A new ranking of aerospace manufacturing attractiveness, a radar test on a Triton maritime surveillance drone, the aerial refueling of an X-47B drone, a contract for metrology services at the Airbus plant in Mobile, problems with the F-35 maintenance software, and an upcoming Navy test of a railgun were some of the stories during the week of interest to the Gulf Coast Aerospace Corridor.
Here's the week in review:
Florida is No. 1 when it comes to aerospace manufacturing attractiveness. That's according to the latest study by PricewaterhouseCoopers. The 2015 Aerospace Manufacturing Attractiveness Rankings has the United States ranked No. 1 of 142 countries, and within the United States Florida tops the list. Alabama is No. 22, Mississippi No. 30 and Louisiana 36.

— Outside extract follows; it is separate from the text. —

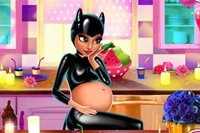 I Catwoman Pregnant tager du med Catwoman på en superhelts graviditetsrejse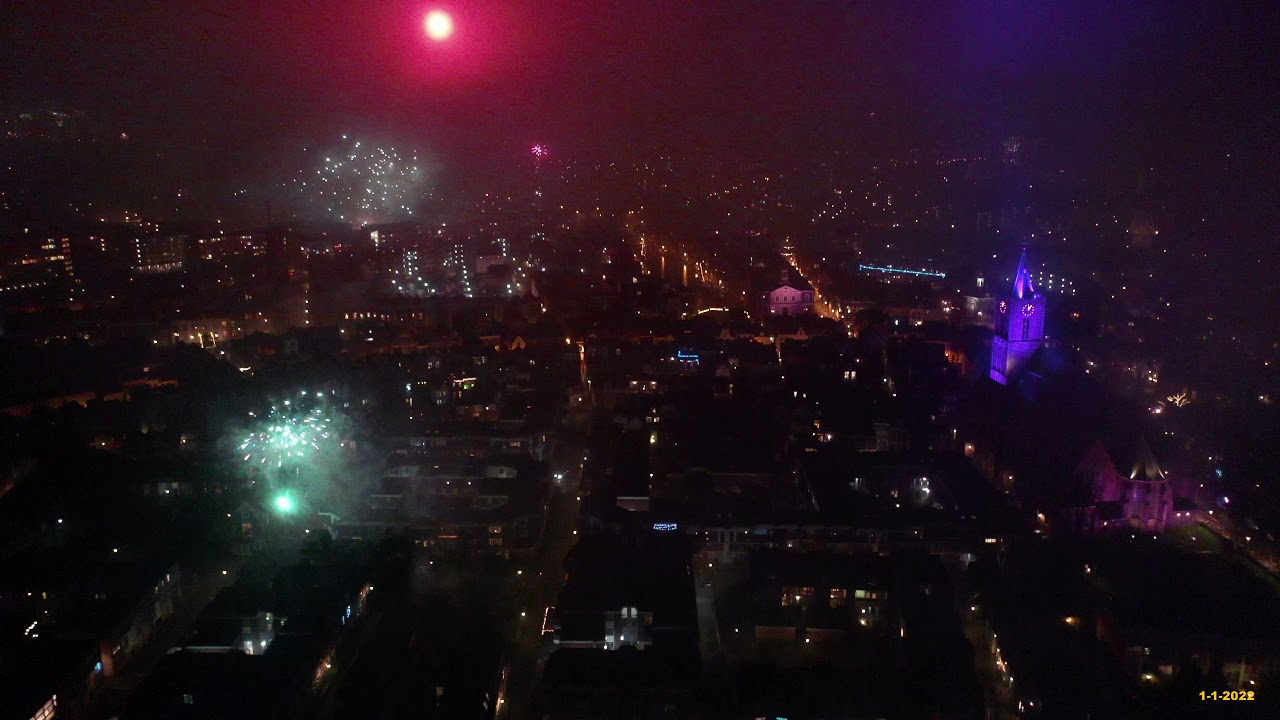 Vuurwerk Schiedam centrum drone 1-1-2022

The analysis looks at how countries and states in the U.S. compare in terms of their attractiveness as locations for commercial aircraft manufacturing. The 2015 report ranked states on tax rates, industry size, operating cost and education. The study used a weighted average of variables such as costs, workforce and number of aerospace companies in each state.
Florida is home to more than 2,000 aerospace and aviation companies that employ more than 82,000 workers. (Post) The state is part of the Aerospace Alliance, which also includes Alabama, Louisiana and Mississippi. That group had its spring summit at the Embry-Riddle campus in Daytona Beach, Fla., Thursday and Friday.
The non-profit was created in 2009 and had its first summit in Sandestin, Fla. The next one was in New Orleans, followed by a summit in Huntsville, Ala. The focus this year was on workforce training and the future workforce.
The Navy has launched flight tests on the Northrop Grumman MQ-4C Triton of one of the first active electronically scanned array radars with 360-degree coverage developed exclusively for the maritime patrol mission. The multifunction active sensor (MFAS) completed first flight onboard the unmanned MQ-4C on April 18 following risk reduction phase testing on a Gulfstream GII.
The tests on the MQ-4C are critical to a Navy decision at the end of this year on whether to launch low-rate initial production of a Triton fleet, expected to number 70 aircraft. The unmanned Triton, the Navy's variant of a Global Hawk, is designed to augment the Navy's manned fleet of P-8A maritime patrol aircraft in broad area maritime surveillance missions.
Triton fuselage work is done by Northrop Grumman in Moss Point, Miss. (Post)
Another Northrop Grumman-built unmanned system, the X-47B, successfully conducted the first Autonomous Aerial Refueling of an unmanned aircraft April 22. It happened off the coast of Maryland and Virginia, and was the final test objective under the Navy's Unmanned Combat Air System demonstration program.
The X-47B, which in earlier Navy tests showed it could catapult off a carrier deck and make arrested landings, connected to a tanker aircraft and received over 4,000 pounds of fuel. Earlier in the month, the X-47B successfully hooked up with the tanker but no fuel transferred. (Post)
ATT Metrology Services Inc., of Issaquah, Wash., was awarded a contract by Airbus for metrology services at Airbus' $600 million facility being built in Mobile, Ala. The company provides precision measurement and alignment services. It will build out an existing structure to house a 5,000-square-foot lab that should be operational when the aircraft manufacturer begins production this year.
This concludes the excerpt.